JP: Another way artists are attracting an audience is through ‘beef’. Lately there has been this ZimHipHop versus ZimDancehall debate that has been fueled by the Enzo Ishall versus Holy Ten beef. I have never really understood why African music (Hiphop or Dancehall) always has to be a contact sport. In your opinion, how important is this kind of competition in the industry?
NG: Personally I love competition, it sharpens the mind. And this kind of competition of artist’s from different genres opens doors for different types of sounds. And it solidifies the music industry. For example, ZimHiphop artists are now aware competition can come from anywhere, because it’s all music. These genre divisions are man made.
AG: For me, I think competition amongst peers is normal, even when it is not made a public affair. It breeds better writing. In your opinion, what are the most important elements of good lyrics?
NG: Yes, all artists are secretly competing with each other and most of the time that competitive energy is directed at the writing process. So I don’t want to give away all my secrets but let me just say the best lyrics come from the idea itself. When you are writing lyrics you should visualize the story in your head. This helps you to focus on painting the picture you want your audience to see.
AG: This brings me to a very important question. In terms of the whole Creative Arts industry, meaning film, art, music, writing, modelling and more. How do you think we can grow and improve together? Right now I feel there are just individuals and cliques but nothing we can call an industry, would you agree?
NG: It boils down to one simple factor – to make the whole Zimbabwean Creative Arts industry work we have we need to first accept each other’s relevance to big picture. The industry is not one trend or one group. So people need to be aware of all the parts of the industry and how they feed into each other and the need for variety. Variety is the fuel for the growth of the industry.
JP: I’m interested in knowing what three Zimbabwean artists define the Creatives Arts for you, and why?
NG: The whole Creative Arts industry? That’s too much, let me stick to music. In music I like Winky-D because the message in his songs is good and I like his cadence. And he never disappoints his loyal fan base. Plus, he is great both live and on his records.

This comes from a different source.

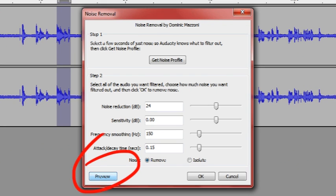To hear how it sounds with the current settings. If those settings aren't good enough, then I will change the noise reduction, sensitivity, frequency smoothing, and attack/decay time to get the sound that I want removed when you select the area.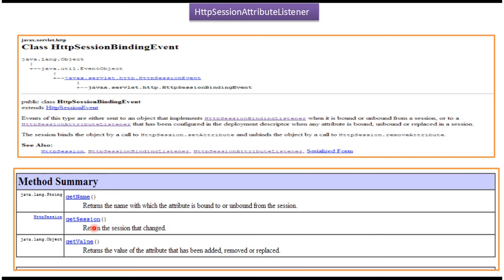I have created a separate video for an HttpSessionAttributeListener demo and provided some examples. If you want to know more about this, please subscribe to my channel and watch that video. This was the introduction to HttpSessionAttributeListener — thanks for watching. Bye.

JP: Right now it’s hard to be a musician especially with Covid-19 safety restrictions. But everyone has their own challenges. What’s the worst part about being a musician, for you?
NG: I think the hardest part is breaking through as a new artist. No matter how much you pushing your music, especially in this pandemic, its hard to have a breakthrough as a new artist. You need prayers and luck (laughs) – and the right people to pay attention. Another hard part is surviving your breakthrough. You have to maintain and surpass the attention you gain when people finally take notice of who you are.
AG: And you need a side hustle! (laughs) Which brings us to our final question. Every Zimbo these days ari ku guma guma. Do you have any side interests or money making hobbies outside of music that you want to tell us about?
NG: (laughs) Sure I do have other side hustles but I can’t tell you about it cos you know how ideas get stolen in this climate (laughs).